“I’ll call Mrs. Higgler tomorrow,” he said.

“Tell you what,” said Rosie, with an endearing wrinkle of her nose, “call her tonight. It’s not late in America, after all.”

Fat Charlie nodded. They walked out of the wine bar together, Rosie with a spring in her step, Fat Charlie like a man going to the gallows. He told himself not to be silly: After all, perhaps Mrs. Higgler had moved, or had her phone disconnected. It was possible. Anything was possible.

They went up to Fat Charlie’s place, the upstairs half of a smallish house in Maxwell Gardens, just off the Brixton Road.

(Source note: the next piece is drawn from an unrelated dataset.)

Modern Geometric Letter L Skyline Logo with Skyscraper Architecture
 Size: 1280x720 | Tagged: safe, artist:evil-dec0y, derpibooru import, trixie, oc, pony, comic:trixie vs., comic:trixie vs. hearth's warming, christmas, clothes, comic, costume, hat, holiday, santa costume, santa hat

“What time is it in Florida?” Rosie asked.

“Late afternoon,” said Fat Charlie.

“Well. Go on then.”

“Maybe we should wait a bit. In case she’s out.”

“And maybe we should call now, before she has her dinner.”

Fat Charlie found his old paper address book, and under H was a scrap of an envelope, in his mother’s handwriting, with a telephone number on it, and beneath that, Callyanne Higgler.

The phone rang and rang.

“She’s not there,” he said to Rosie, but at that moment the phone at the other end was answered, and a female voice said “Yes? Who is this?”

“Um. Is that Mrs. Higgler?”

“Who is this?” said Mrs. Higgler. “If you’re one of they damn telemarketers, you take me off your list right now or I sue. I know my rights.”

“No. It’s me. Charles Nancy. I used to live next door to you.”

“Fat Charlie? If that don’t beat all. I been looking for your number all this morning. I turn this place upside down, looking for it, and you think I could find it? What I think happen was I had it written in my old accounts book.